SCOPE: Summarization with Context-Oriented Preprocessing and Evaluation

Co-Supervised by: Merlin Streilein

If you are interested in this topic or have further questions, do not hesitate to contact merlin.streilein@unibe.ch.

Background / Context

Modern text summarization models, such as BART or T5, are limited by their maximum input length (commonly around 1024 tokens). This presents a challenge for summarizing long documents such as scientific articles, legal contracts, or books. A naive solution is recursive summarization, where documents are chunked and summarized iteratively, but this often leads to information loss, redundancy, or inconsistency.

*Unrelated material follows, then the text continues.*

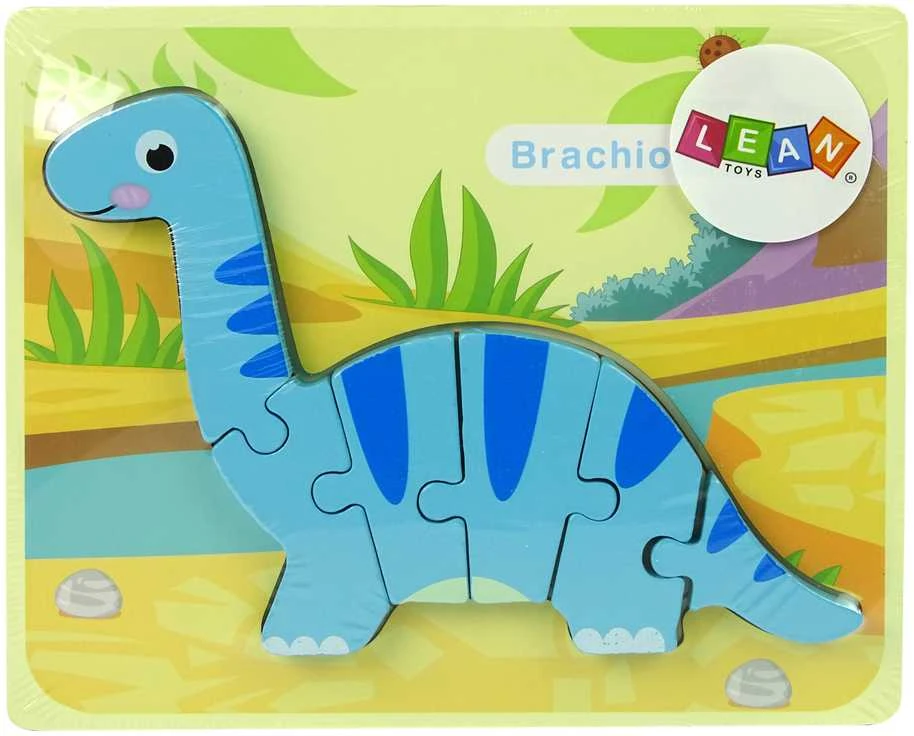 Lean Toys Medinė delionė dinozauras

Recent research has suggested alternatives: heuristics that focus on specific parts of the document (e.g., beginnings and ends of paragraphs), importance-based ranking of sentences, or hybrid approaches combining extractive and abstractive methods. Despite these ideas, there has been little systematic evaluation of strategies to adapt fixed-length models to long inputs, and the potential for new preprocessing schemes remains underexplored.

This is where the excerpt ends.